# New Pics of Maine Coons from BlueLaKoonz



## twinkles (Aug 8, 2008)

Hey all,

Sorry for so long between photos - have a new camera so have a nice little bundle of pics to bore you with now.

Dee (officially Dinah, the tortie smoke) is about 18mths and Sam (officially Samhain, the shades of cream) is 10mths.

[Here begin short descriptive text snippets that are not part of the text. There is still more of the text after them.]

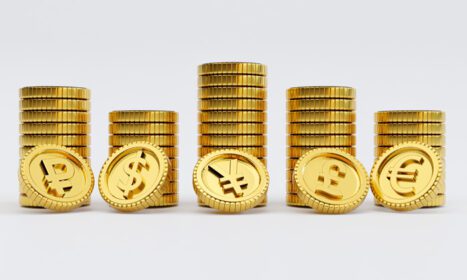 دانلود عکس ایزوله ارز اصلی روی پشته سکه طلایی شامل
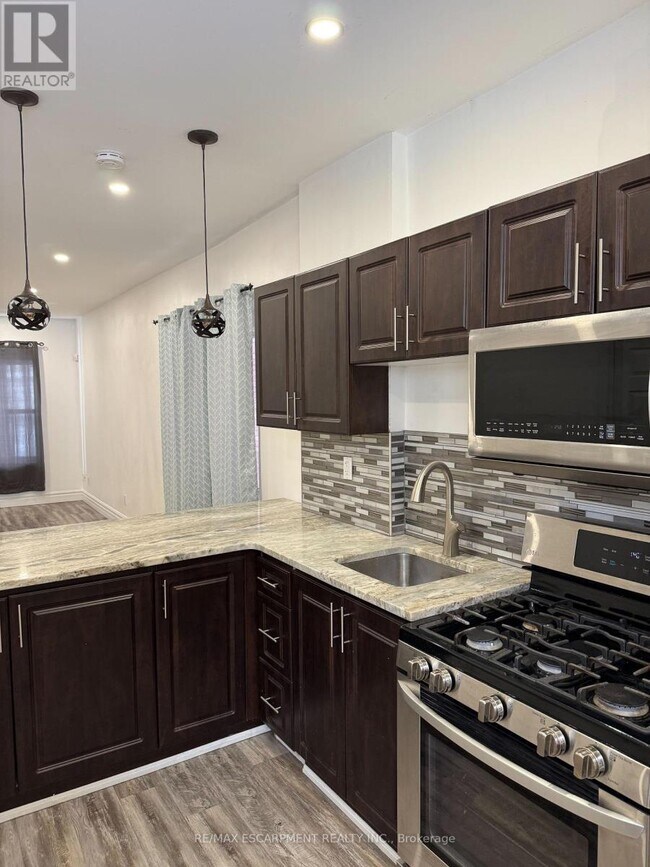 1152 King St E in Hamilton, ON - Building Photo - Building Photo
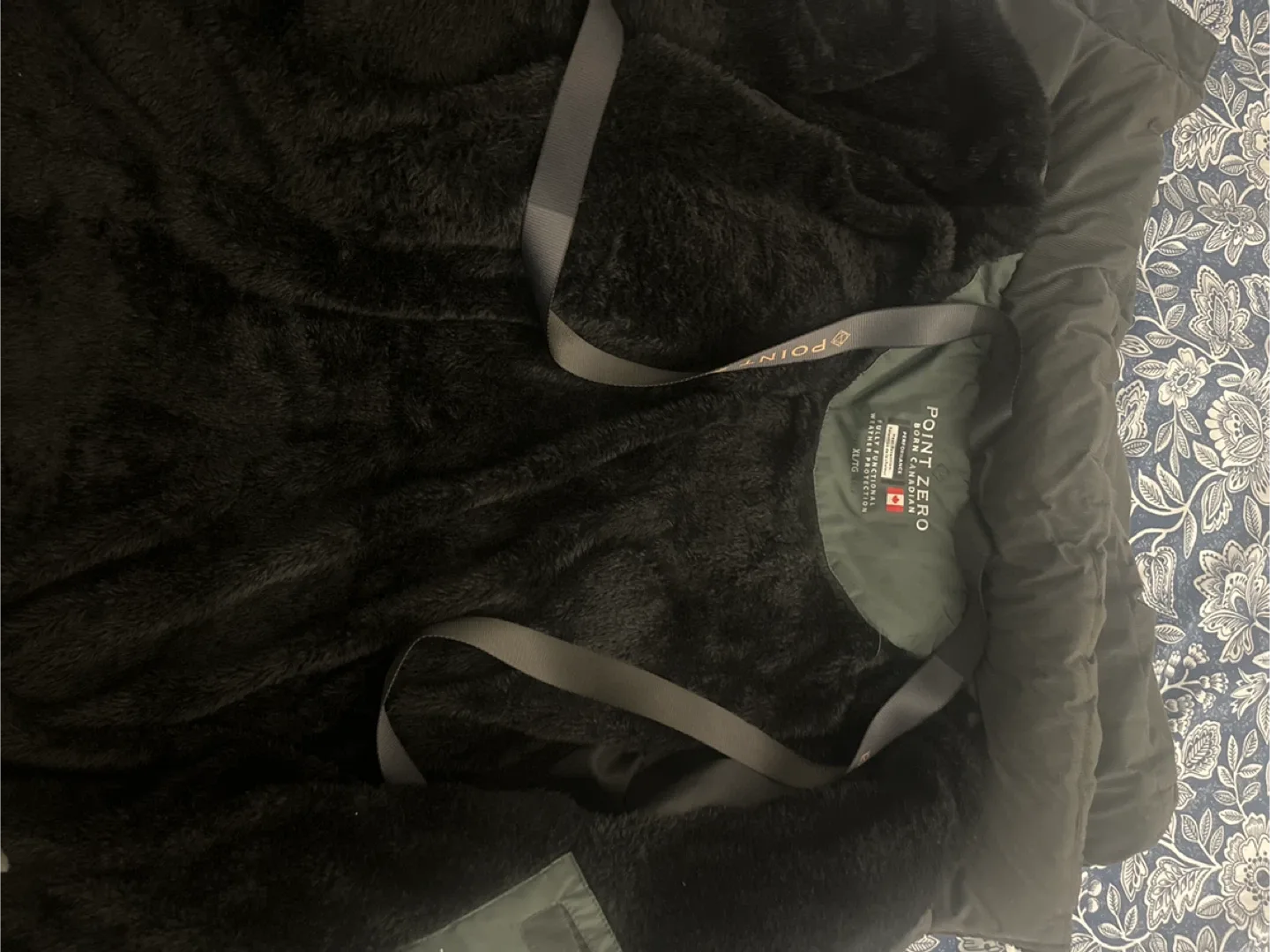 Point Zero Puffer Jacket image indicator(3)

Amy Baker&#039;s Photos - More cats! | Facebook

Amy x


----------



## Guest (May 21, 2009)

Your cats are gorgeous....lovely pics.


----------



## twinkles (Aug 8, 2008)

Thank you! We are very lucky to have such a fab duo as much as they drive me barmy at times hehe. Very different personalities too - definately reflect their owners. Dee (mine) is calm and likes her own space, avoids conflict. Sam (Mark's) is a complete attention seeker, always up to mischief and clumsy too lol.

x


----------



## Guest (May 21, 2009)

twinkles said:


> Thank you! We are very lucky to have such a fab duo as much as they drive me barmy at times hehe. Very different personalities too - definately reflect their owners. Dee (mine) is calm and likes her own space, avoids conflict. Sam (Mark's) is a complete attention seeker, always up to mischief and clumsy too lol.
> 
> x


lol...nice to have different personalities...you get the best of both worlds then. xxxx


----------



## LadyRedLainey (Apr 7, 2009)

gorgeous cats! x


----------



## suzy93074 (Sep 3, 2008)

Great photos! they look lots of fun and vry cute!xx


----------



## MADCAT (Nov 21, 2008)

Great pics they are lovely xxx


----------



## lymorelynn (Oct 4, 2008)

Lovley pictures of your very gorgeous cats


----------



## kittykat (Nov 2, 2007)

Very beautiful cats


----------



## Taylorbaby (Jan 10, 2009)

They are lovely! Beautiful colours!


----------



## spid (Nov 4, 2008)

very pretty cats:thumbup:


----------